*** Information supplied ***

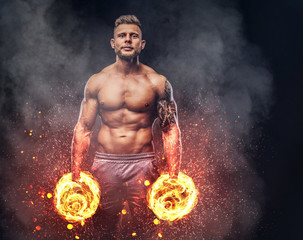 Fototapeta na wymiar Handsome shirtless tattooed bodybuilder with stylish haircut and beard, wearing sports shorts, posing in a studio. Fire art concept.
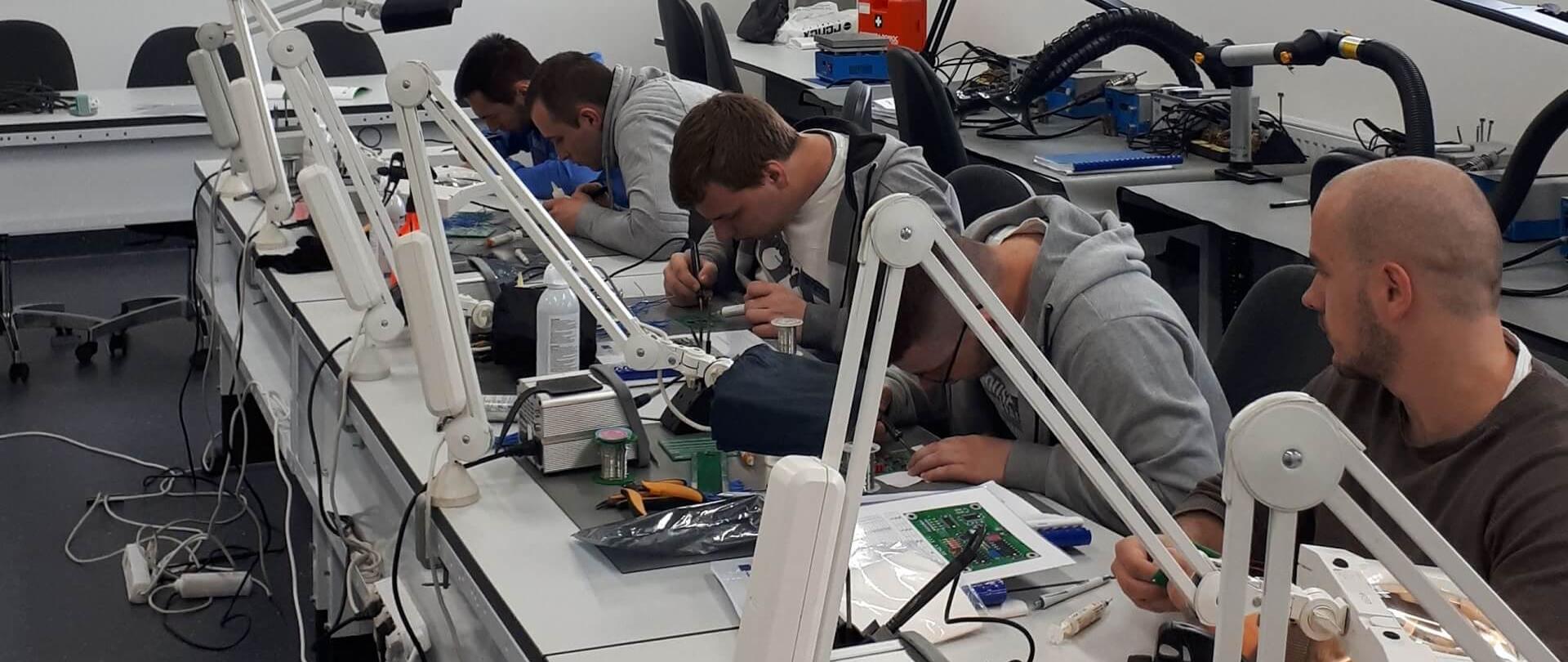 Grupa studentów pracuje przy inżynierskim stole warsztatowym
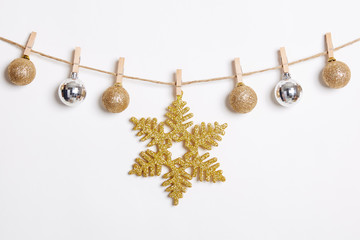 Fototapeta premium Christmas Decoration Hanging with Robe on White Background.Flat Lay,Top View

*** End of Information supplied ***

**Exercise aim**
Your task is to repeat the listing exactly while omitting its pictures.

**Task solution**
 Fototapeta na wymiar Handsome shirtless tattooed bodybuilder with stylish haircut and beard, wearing sports shorts, posing in a studio. Fire art concept.
 Grupa studentów pracuje przy inżynierskim stole warsztatowym
 Fototapeta premium Christmas Decoration Hanging with Robe on White Background.Flat Lay,Top View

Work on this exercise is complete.